Another activity was snorkeling for lobster.  Venturing forth in the dinghy, I would stay in the boat to pull the catch off the spear while Bob went into the water with mask, fins, gloves, and fishing spear.  Three days we went out and not even a glimpse of the spiny creatures.   

The weather had calmed so we decided to leave the marina and go to the anchorage just off the town pier.  We went out and anchored where other boats were waiting for a "weather window" to go south.  The next leg of our journey was going to be an overnighter.  I was still smarting from the wretched Gulf Stream crossing so I wanted the weather to be perfect.  We met the people on Dos Tejuanos (two Texans) and Lagniappe.  They also were waiting for weather.  They invited us over and we planned to go with them.  Each afternoon, we would listen to the SSB for Herb, a Canadian weather expert who interprets weather data and then advises cruisers and fishermen about weather conditions and his opinion as to whether it will be safe to make a passage.  Each day for two weeks, Herb said not to go the next day but maybe in a couple of days.  It became a joke that we would be able to vote in the next Rum Cay election!

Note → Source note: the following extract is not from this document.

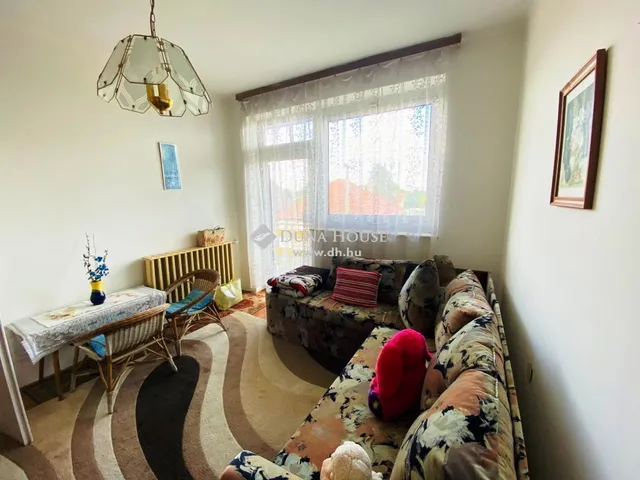 Eladó ház Tápiószecső 200 nm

Viewing Viking Rose from shore at Rum Cay

There was no e-mail on Rum Cay so we could neither send nor receive messages.  The island did have a grocery store, two variety stores with some groceries, a restaurant with a sand floor, and a five-star restaurant at the marina.  The latter cost $30.00 per person for a meal prepared by a chef with Japanese training.  Adding drinks and 18% gratuity, a couple could easily drop $100.00 for a meal.  We decided that was a luxury we could forgo although many cruisers did enjoy an evening there.

Local entertainer

We also enjoyed the festivities of Rum Cay Day, a homecoming and fund-raising event.  A ceremony was broadcast live on Nassau radio for two hours with a lot of speeches and recognition of dignitaries from other islands who had flown in for the affair.  People listening to the broadcast thought there were hundreds of people in attendance.  Actually, the radio station was using canned laughter.  Best of all, there was food.  The locals prepared their best dishes and served them at the park in front of the government dock.  Fantastic eating, wahoo fish salad, highly seasoned sautéed tuna, slaw, potato salad, wonderful macaroni and cheese, and cakes.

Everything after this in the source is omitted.